En principio, la fianza debe garantizar que un acusado comparezca a su juicio. Si el juez estima que un acusado no presenta ningún riesgo de huida o de reincidencia, puede efectivamente decidir liberarlo, sin condiciones o contra una fianza cuyo monto varía según la categoría de la infracción. Una vez terminado el juicio, si el acusado se presentó a todas las audiencias, la ley prevé restituirle la totalidad de la suma depositada, sea culpable o inocente. No obstante, en los hechos, los jueces disponen de una gran libertad. En particular, pueden recolectar sumas para la indemnización de las víctimas o para el financiamiento de los procedimientos judiciales. Por ende, muchos acusados no recuperan nunca la totalidad de su pago.
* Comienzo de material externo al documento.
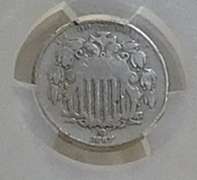 1867 Shield Nic circ PCGS VG Details Cleaned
A pesar de que la octava enmienda de la Constitución dispone que el monto de las fianzas no debe “ser excesivo”, muchos no pueden solventarla. Los más desafortunados deben entonces permanecer en la cárcel, independientemente de la gravedad de las infracciones que se les adjudican, y sin importar la presunción de inocencia. Y eso puede durar días, semanas, o incluso meses o años. “Usted tiene dos opciones –resume el juez a Jackie Brown–. La primera, puede pagar su fianza en la Corte y queda inmediatamente liberada. Pero dado el monto, es poco probable. La segunda, se queda acá hasta su juicio. Eso puede tomar un año, incluso más...” Antes de la adopción en 2019 de una reforma en el estado de Nueva York, un acusado permanecía en promedio 147 días a la espera de su juicio (1). Según el think tank Prison Policy Initiative, actualmente habría más de 420.000 personas en prisión preventiva en Estados Unidos (2); esta población representa tres cuartos de los detenidos en California (3). Si tomamos en cuenta las entradas y salidas, esto involucra a más de 2 millones de personas en el país cada año.
¿Buenos samaritanos?
Motor de la detención masiva, el número de personas encarceladas antes de su juicio se multiplicó por cuatro desde 1980. Ahora bien, estos acusados son condenados más a menudo que aquellos que se presentan libres ante el tribunal; son condenados a penas más largas, principalmente en los procedimientos con declaración de culpabilidad (4). Además, este sistema produce muchas discriminaciones. Con infracciones comparables, a los africano- estadounidenses y a los hispanos se les imponen fianzas superiores respectivamente del 35% y 19% respecto de las de las personas blancas (5). Violencia, estigma social, deterioro de la salud mental, pérdida de empleo o de la tenencia de un hijo, incluso del permiso de residencia: las consecuencias de una detención son catastróficas. Asimismo, todos aquellos que pueden, pagan su fianza inmediatamente y preparan su defensa en casa.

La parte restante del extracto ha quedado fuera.